Since that day, do a quick Twitter search or a scan of any Alabama message board and the majority of the results show that the job is Coker's to lose.

Saban has said it's too early to ignore Sims or Bateman, who showed promise in the spring game.

"Jacob's certainly a part of that competition, but Blake Sims did a good job during the spring," Saban said earlier this month. "As I said before, we were a little disappointed, he was a little disappointed in the way he play in the A-Day game. We didn't really feature what he could do."

Among other things, not featuring what Sims does best likely contributed to difference in statistics. Comparing him to a car from the "Fast and Furious" movie franchise, Mastrole said Sims' is a "unique" quarterback.

"He's a race car that has a NOS button, a nitrous oxide button, where he can push that button and just go," Mastrole said. "That's a unique feature that most quarterbacks don't bring to the table. I think he's learned to harness that as kind of a last option like when things break down, he uses that to his advantage.
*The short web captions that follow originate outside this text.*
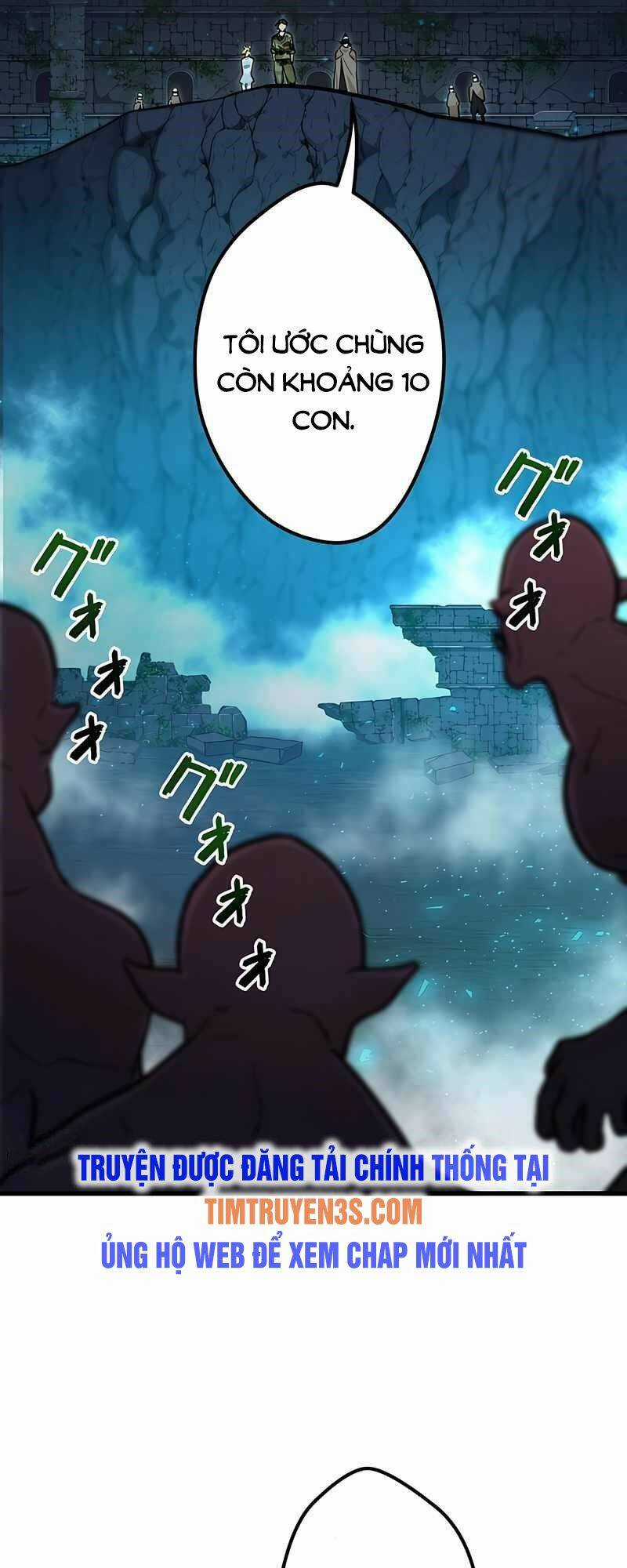 Binh Vương Chuyển Sinh Chapter 15 trang 44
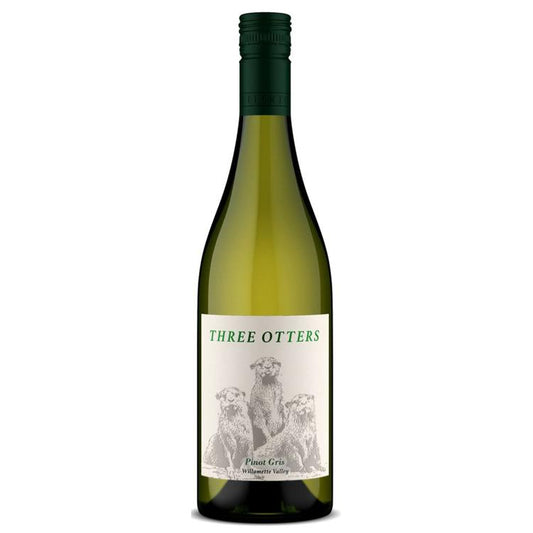 Fullerton 'Three Otters' Pinot Gris '25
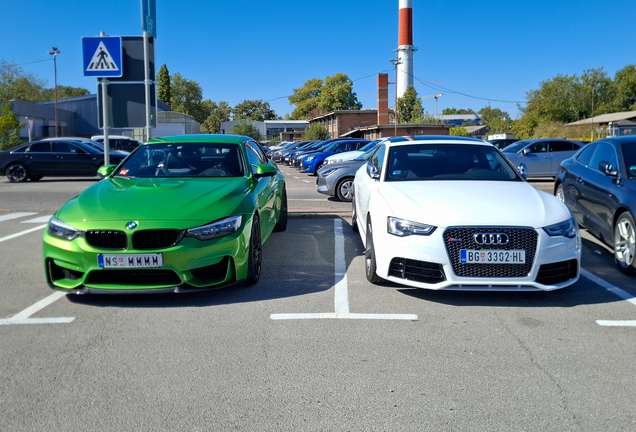 Audi RS5 B8 2012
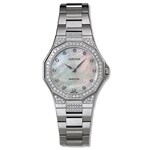 Concord Mariner Stainless Steel Luxury Watch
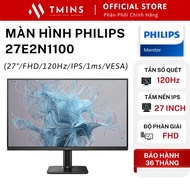 Philips 27E2N1100 monitor (27 inch/IPS/FHD/120Hz/1ms) - Genuine product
"The other part I looked at is, play within the system, but be you. With him, it's still just kind of going through (offensive coordinator) Coach (Lane) Kiffin's system. I think it's getting a feel for going through progressions. I think sometimes he bounces a little bit too much on the balls of his feet."

Mastrole believes Sims possess the talent to succeed in Alabama's offense.

"Overall, he's got the tools, he can throw the ball," Mastrole said. "I'm out there watching him everyday and filming him. He's got the arm to play in the offense. There's no question about it."

Whether its Sims, Coker or one of the others who wins the job, expectations will be high. McCarron helped lead Alabama to back-to-back national championships and was 36-4 as a starter.

And while there are a few questions marks, the Tide's roster is built for another championship run with the returning talent at running back and wide receiver along with the returners and new talent on defense. Mastrole believes Sims has the mental makeup to handle all of the pressure.

"I do. A lot of people will say I'm just saying this to speak highly of my client, but that's not it," Mastrole said. "There have been guys I've worked with in the past that I've had concerns about and have expressed those internally. But Blake gets it. He wouldn't have made the trip down here during his summer to go and workout. That takes determination. I've seen big steps from when we first met. He was a quiet, reserved-type, a shy kid. … At the end of the day, if he goes out and has a successful year and Alabama has a great run, it wouldn't be a shock to me.

"He's just a gamer. … Anything you put him on, he's super competitive. So, he just needs to transfer those little things that we're working on onto the field. I'm not really worried about the pressure of him playing in front of 100,000 fans on 3rd and 12. I think he'll be ready to execute the system in a situation like that."